Because of this law, everyone in the labor markets experiences a loss of freedom, which means a reduction in the value of ownership rights of labor. This is rarely seen or mentioned in defenses of laws mandating extra pay for work beyond the normal work week. The law makes almost everyone in the society poorer. The law reduces the potential for voluntary arrangements that are mutually beneficial to employers and employees.
Hazlitt in 1946 did not see what was about to begin as a result, in part, of the overtime law: the steady reduction of blue-collar jobs. First, businesses began to buy machines to do the work that blue-collar employees otherwise would have done. The machines now became profitable because the government interfered with the labor markets, which deliberately forced up the price of overtime work. Machines are not paid overtime. This reduced the amount of piece-rate work for the federal government to spread.
Second, businessmen imported partially assembled components. Workers outside the United States were able to get the jobs that domestic workers could no longer obtain because the law restricted their ability to work overtime. This reduced the amount of piece-rate work for the federal government to spread.
The third strategy of businesses was decisive. Businesses throughout the United States began to redefine blue-collar jobs as white-collar jobs. This reduced the amount of piece-rate work for the federal government to spread. Managers are paid salaries. They are not paid by the hour. So, businesses shifted production out of manufacturing and into what is known as the service sector of the economy. Salaried workers can be pressured by competition from other workers to work longer than 40 hours a week. Because white collar workers are paid a flat salary, every additional hour that they work in the payment period lowers their hourly wage rate. This is completely legal. As long as someone is not paid by the hour, the law against working overtime at the same hourly wage no longer applies.

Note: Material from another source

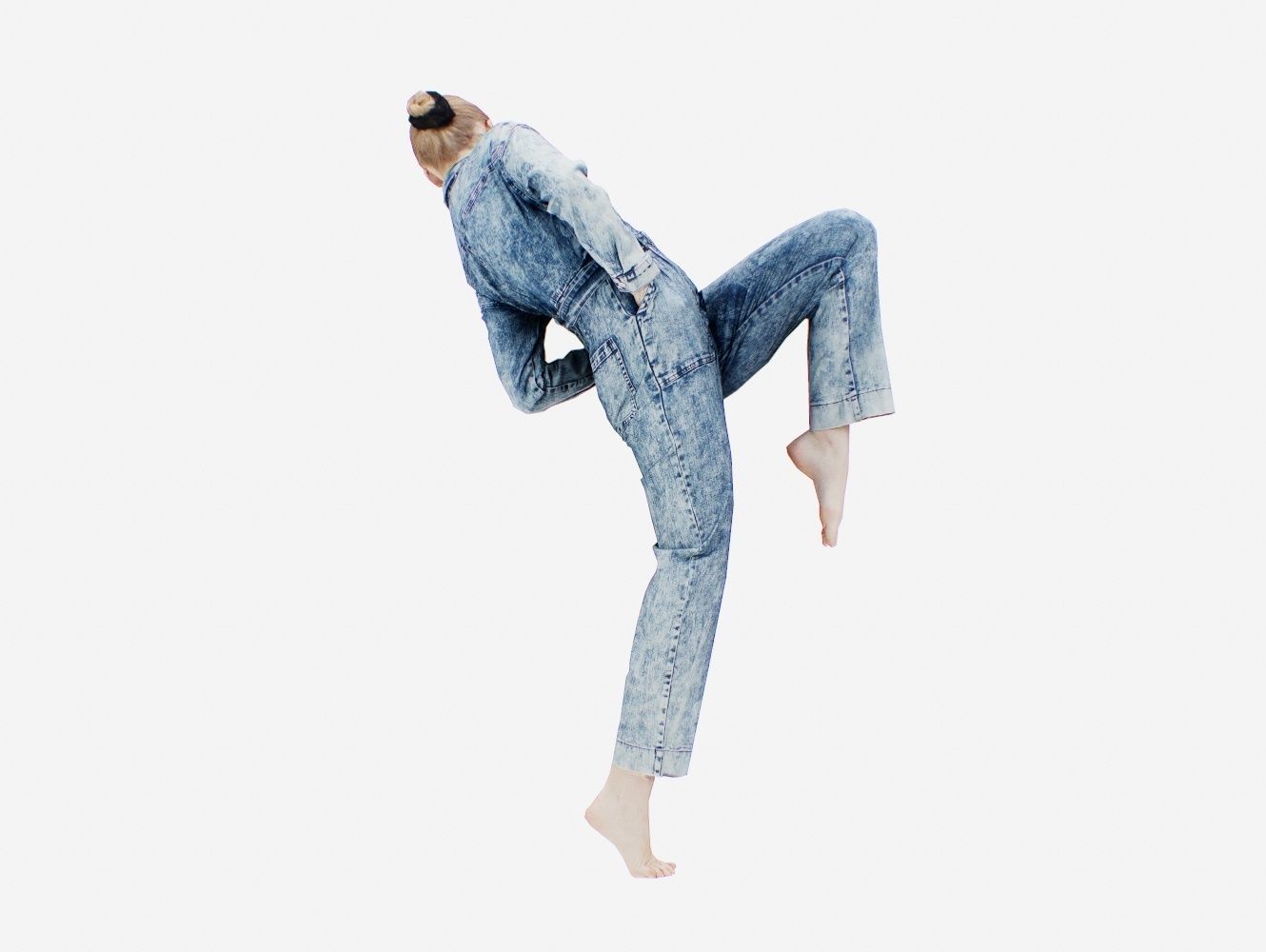 Jeans Salopet 004 Low-poly 3D model_4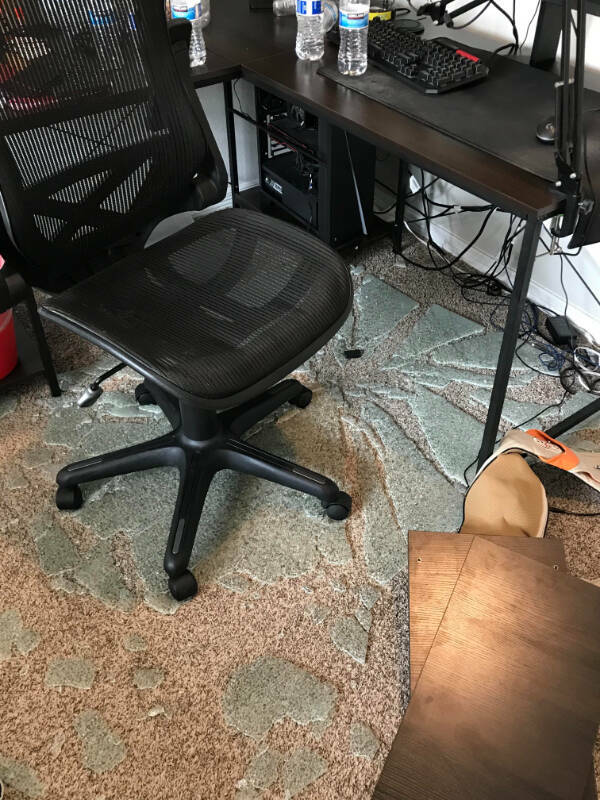 “Broke my GLASS chair-mat.”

Labor unions in the United States have had little success in organizing workers in management positions. They have had little success in organizing white collar workers generally. Because of greater political power in Western Europe, labor unions have had greater success in controlling labor markets, but in every Western nation since 1955, the percentage of output contributed to the general economy by manufacturing has fallen. It is still falling. Labor unions, with government backing, have priced blue-collar labor out of the market. The number of blue-collar jobs has steadily declined. The influence of labor unions in the general economy has also steadily declined.
Jesus' parable of the vineyard owner and the workers had it exactly right. The way to maximize employment is to allow sellers of labor services and buyers of labor services to work out mutually beneficial terms of employment. This process of negotiation is what allows the labor markets to clear. Workers who are willing to work at the wages offered can find employment, and employers who are willing to pay these wages can hire all the workers they want.
Christian economics has an answer to this question: "Is it not lawful for me to do what I will with mine own?" The answer of Christian economics is this: "yes."